* Indexes reverse course after higher open
* Pandora soars after comments on new music royalties
* FedEx rises after Q3 profit beats view
* Indexes down: Dow 0.65 pct, S&P 0.81 pct, Nasdaq 0.59 pct (Adds details, changes comment, updates prices)
By Abhiram Nandakumar
Dec 17 (Reuters) - Wall Street looked set to snap a three-day rally on Thursday, dragged down by energy and materials stocks, a day after the Federal Reserve raised interest rates for the first time in nine years.
Crude oil prices resumed their slide after gaining earlier in the day on persistent oversupply worries and after the dollar hit a two-week high.
The central bank raised its benchmark rate by 25 basis points to between 0.25 percent and 0.50 percent, signaling confidence in the strength of the world's largest economy.
Global stocks surged on Fed Chair Janet Yellen's assurance that further tightening would be gradual and heavily dependent on inflation, which remained firmly below the central bank's 2 percent target.

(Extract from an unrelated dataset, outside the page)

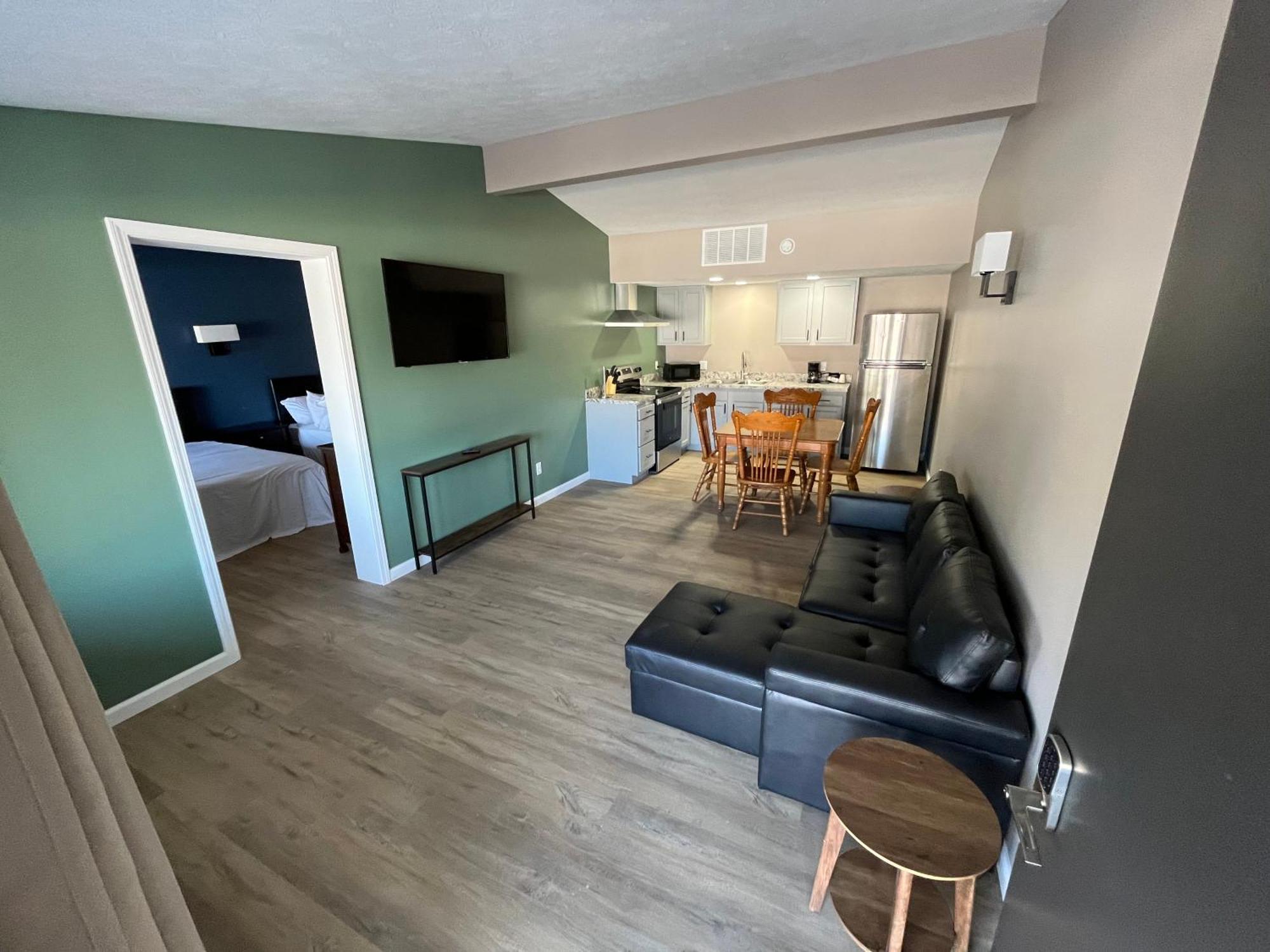 Valley Inn And Suites Френч Лик Екстериор снимка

"The markets have reversed from a higher opening, but that was to be expected after yesterday's surge," said Peter Cardillo, chief market economist at First Standard Financial in New York.

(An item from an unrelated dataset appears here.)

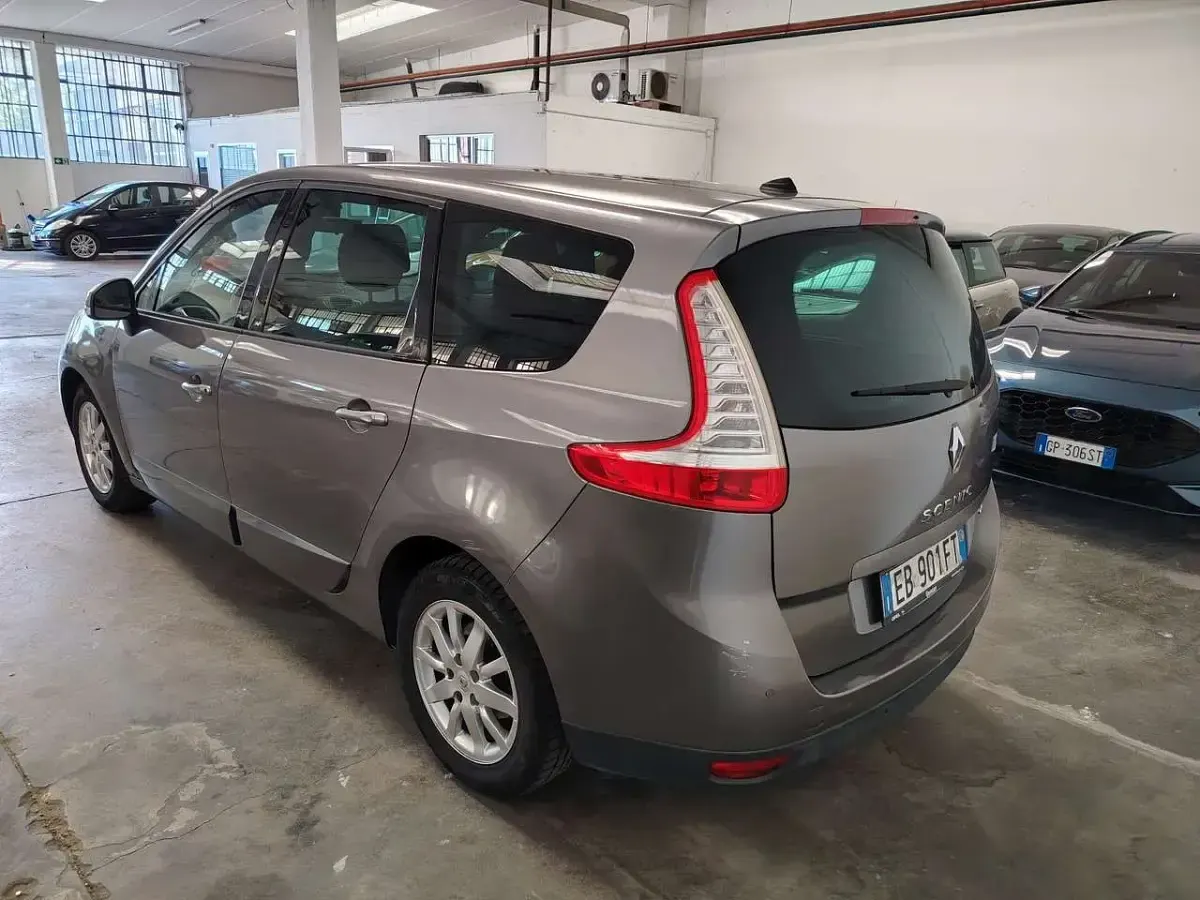 Usata Renault Scenic E-Tech Dynamique 110 CV (80 kW) 2010 Grigio Monovolume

At 11:02 a.m. ET (1602 GMT), the Dow Jones industrial average was down 115.28 points, or 0.65 percent, at 17,633.81, the S&P 500 was down 16.71 points, or 0.81 percent, at 2,056.36 and the Nasdaq Composite index was down 29.91 points, or 0.59 percent, at 5,041.23.
All 10 major S&P sectors were lower, with the energy sector's 1.6 percent fall leading the decliners. Conocophilips was down 4 percent and was the biggest drag on the sector.
Exxon and Chevron were both down about 1 percent.
Newmont Mining was down 8 percent at $17.58 and was the biggest influence on the materials index's 1.25 percent decline.
General Mills was down 3.8 percent at $56.93 after its quarterly sales missed estimates.
Oracle was down 4.3 percent at $37.26 after its third-quarter profit forecast failed to impress investors.
Pandora was up 11.6 percent at $15 after the media-streaming company said new music royalty rates were "balanced".
FedEx was up 2.9 percent at $153.10 after it reported a better-than-expected quarterly profit.
Investors will now keep a weather eye on data to gauge the economy's capacity to withstand higher rates.
Data showed jobless claims fell to 271,000 last week, below 275,000 estimated, while third-quarter current account deficit expanded to $124.1 billion, the largest shortfall since the fourth quarter of 2008.
Declining issues outnumbered advancing ones on the NYSE by 1,841 to 1,098. On the Nasdaq, 1,530 issues fell and 1,119 fell.